Monday, February 27, 2017

Cut to the Chase: Shreveport Noir

It is a really bad idea to run up gambling debts with a gangster simply known as “The Man.” It is a particularly bad idea to do so in Louisiana, where a lot of the rules do not apply so much. Of course, a lowlife like Max Chase specializes in really bad decisions. He assumed his sister, an assistant district attorney would protect him from consequences, but he will have to save her instead when she disappears under mysterious circumstances in Blayne Weaver’s Cut to the Chase (trailer here), which screens tomorrow in New York and next Monday in Los Angeles.

After an ill-advised double-or-nothing bet, Chase now has a week to pay The Man $3,000—or else. Yet, he is not even trying to raise the money or get out of town. He just carries on with his degenerate life style. Unfortunately, he misses the frantic calls from his frantic sister Isobel during his drunken debauchery.

It turns out Izzy Chase had an abusive ex-boyfriend in her private life and had just been assigned to lead the DA’s case against The Man in her professional life, so there is no shortage of people Chase can get mad at.

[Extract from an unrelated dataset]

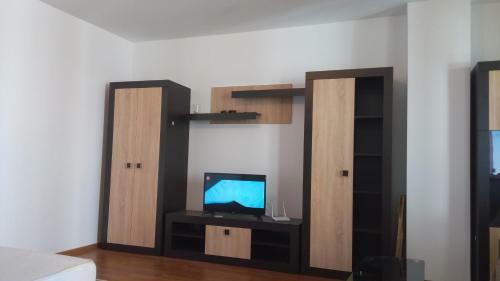 Brand New Apartament,1,5 Km From Iulius Mall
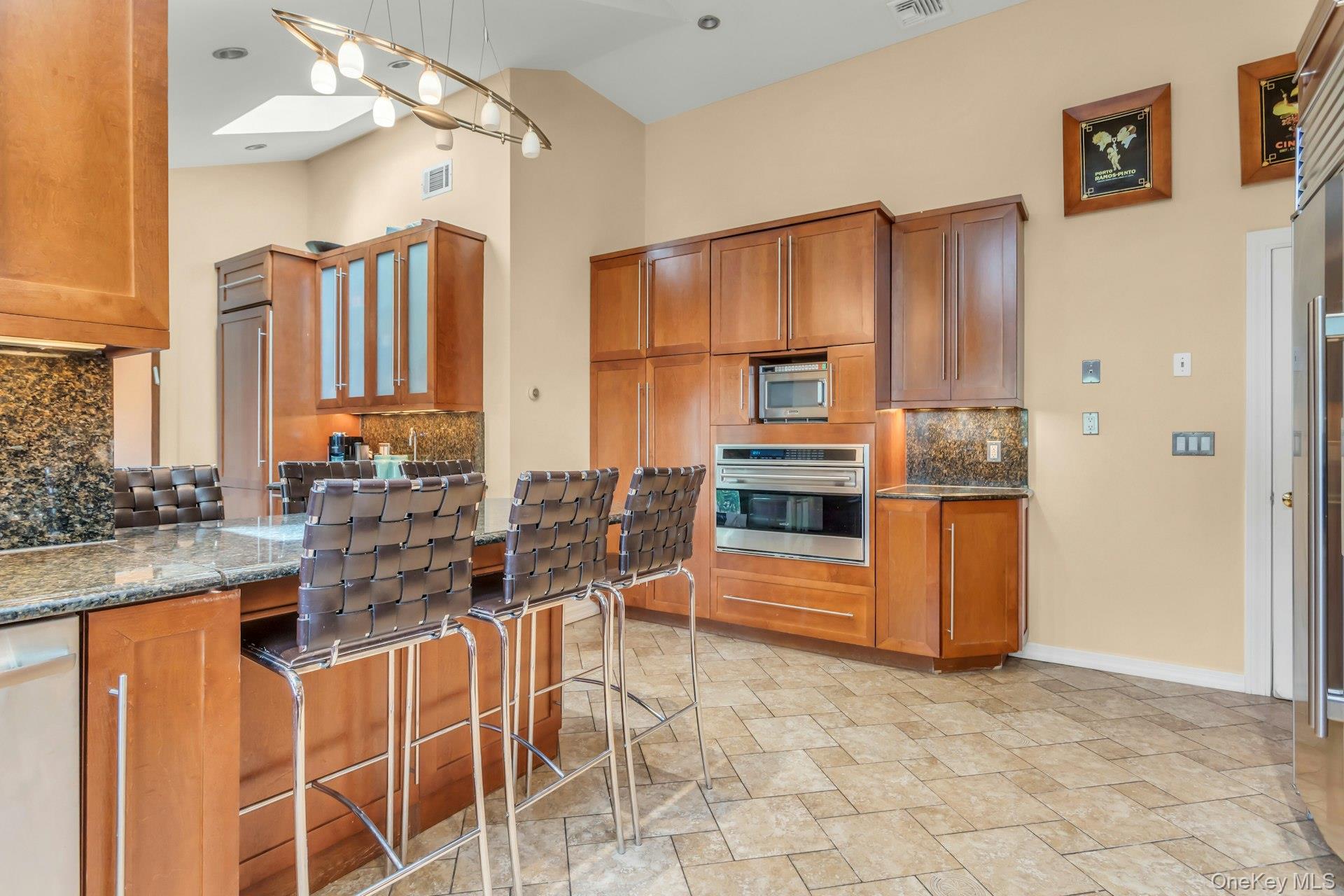 Photo 4 of Single family home for sale at 78 Chestnut St, Glen Cove, NY 11542 | MLS# 1047046 | Listing updated on 2026-09-05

Thanks to the spooked DA (who was also seeing Isobel on the side), Chase tracks down Nola Barnes, the star witness against The Man to forge an alliance of convenience. Unfortunately, Chase is getting played left and right, but he is still dangerous in a bull in a china shop kind of way.

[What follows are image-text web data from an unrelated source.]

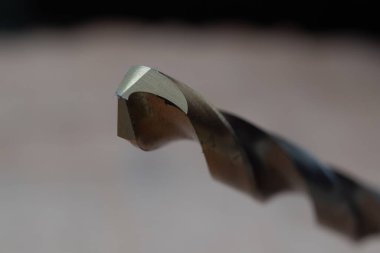 Beyaz arka planda metal bir matkap.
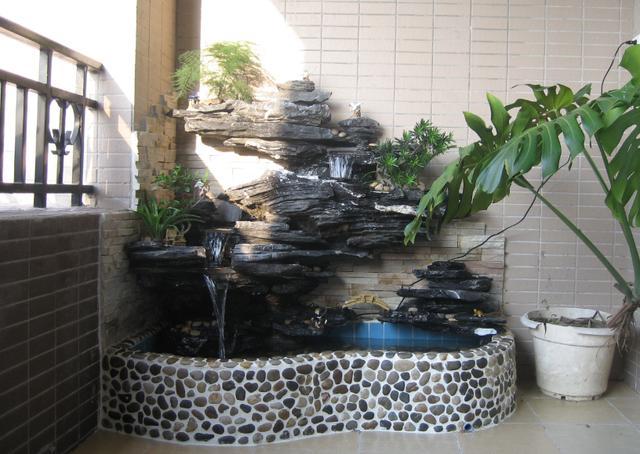 庭院里除了养花种草,还可以造个鱼池,每天逗鱼品茶,像世外桃源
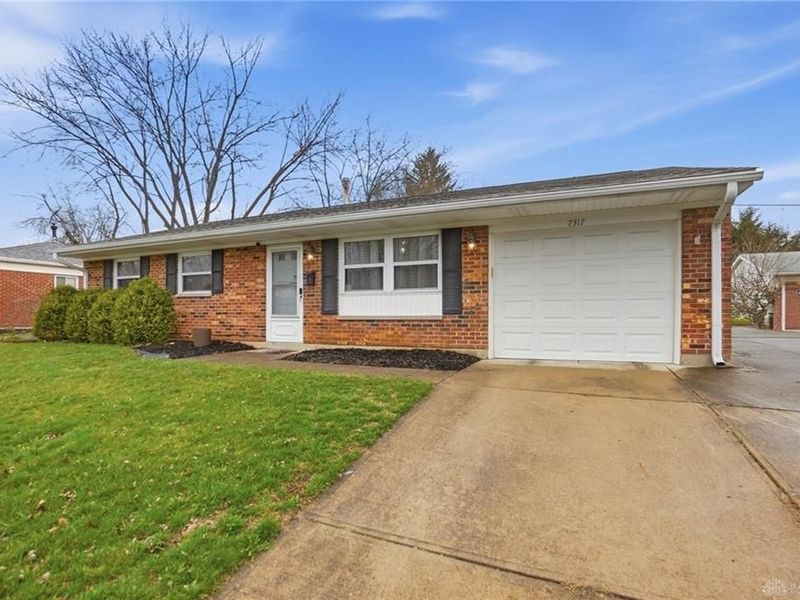 7317 Cosner Drive, Huber Heights, OH 45424 Photo 4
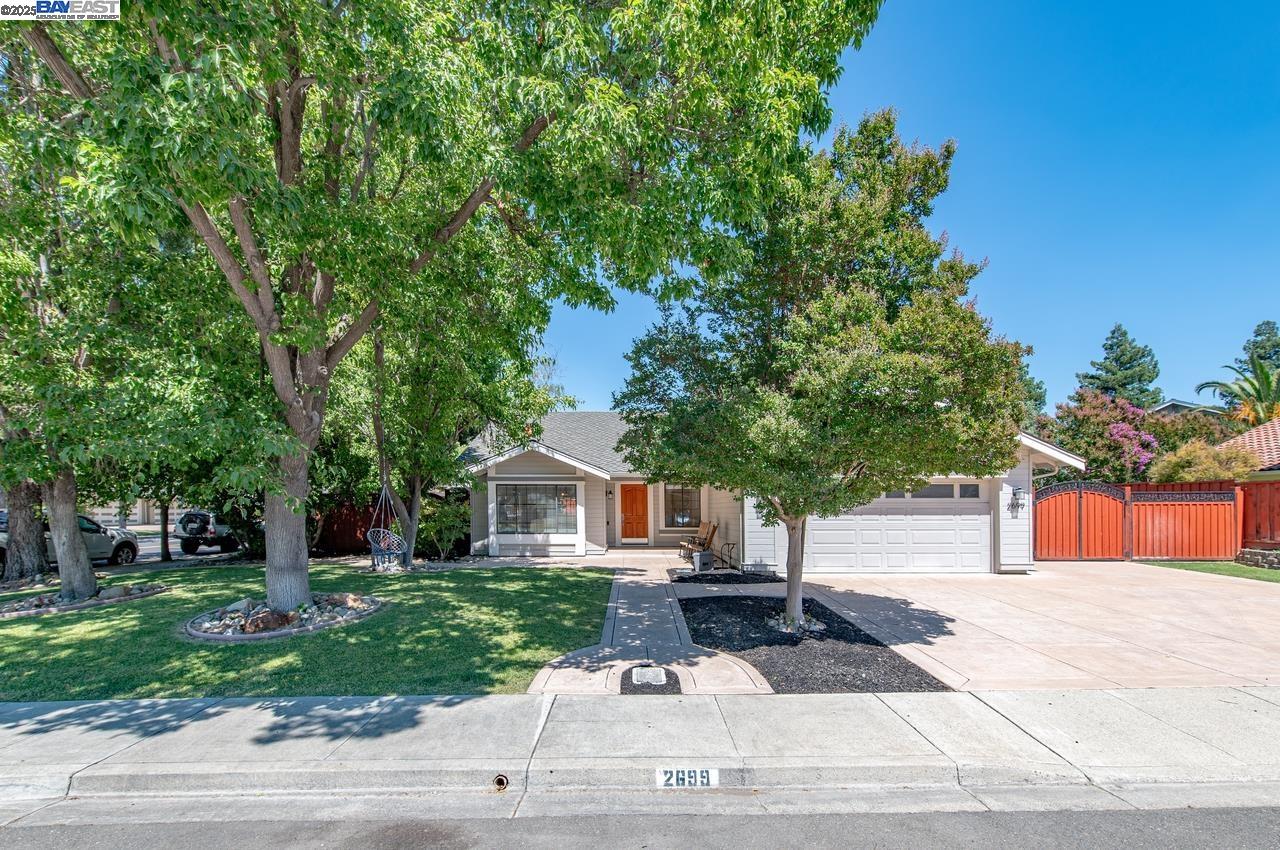 Detail Gallery Image 2 of 45 For 2699 Calle Morelia, Pleasanton,  CA 94566 - 4 Beds | 2 Baths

The most important thing to take into consideration regarding Cut is Lance Henriksen, The Man himself, plays The Man. Knowing Henriksen is on-board guarantees the film a solid baseline of genre entertainment. As his own lead, Weaver is certainly willing to act sad and disreputable, perhaps succeeding too well. Lyndie Greenwood also shows some impressive fierceness as Barnes. Frankly, the entire film is well cast. The problem is the narrative often feels very small time.

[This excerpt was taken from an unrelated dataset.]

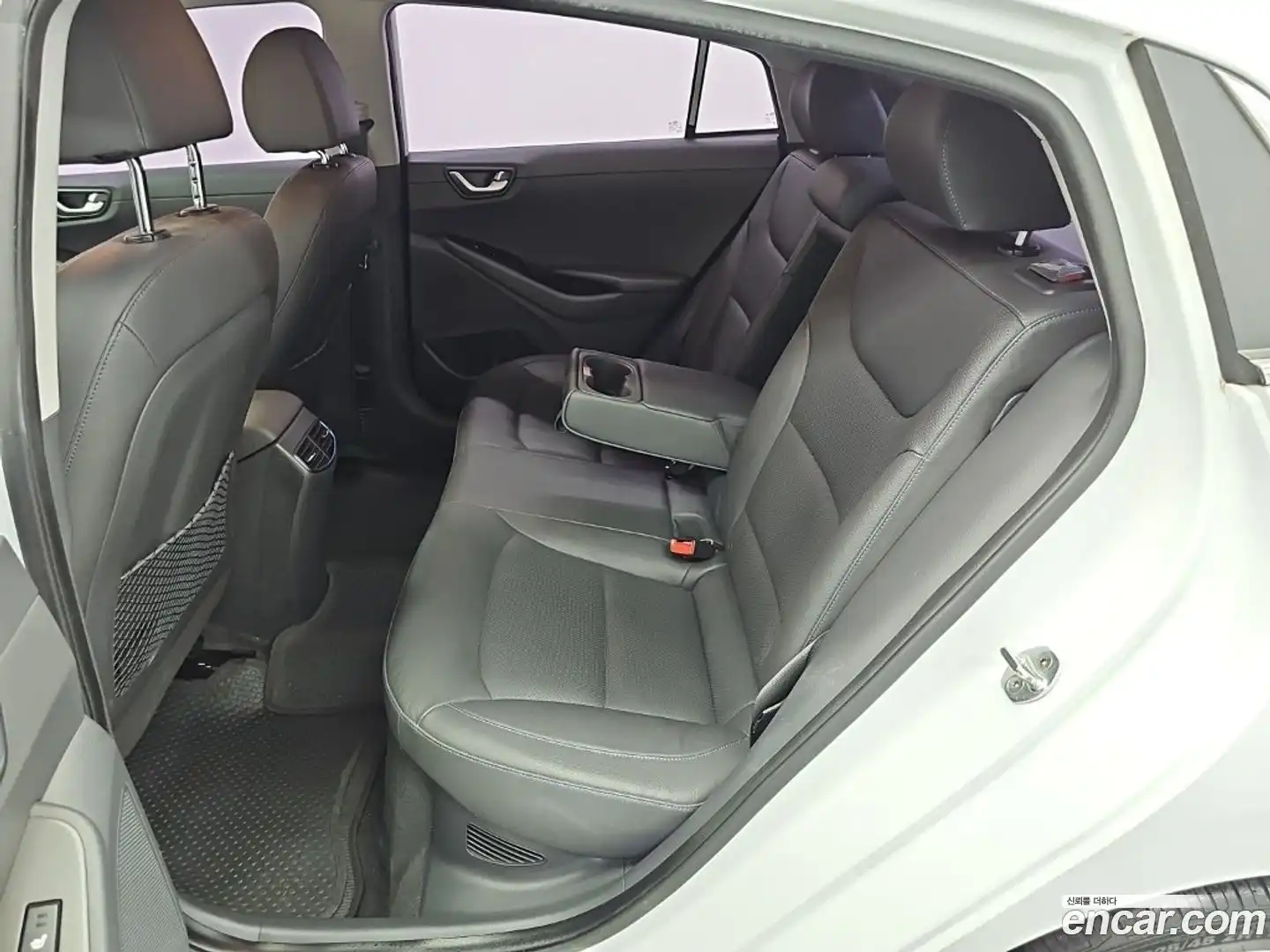 Ioniq Hyundai 2018.8-INNER-009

When watching Cut, it is hard not to think of the recent tragic death of Bill Paxton, who made a specialty of playing colorfully flawed characters in Southern noirs like this. Weaver is no Paxton, but he is not bad, while Henriksen reliably does his thing, being The Man. Darkly diverting but not exactly essential, Cut to the Chase screens tomorrow (2/28) in New York, at the AMC Loews 19thStreet.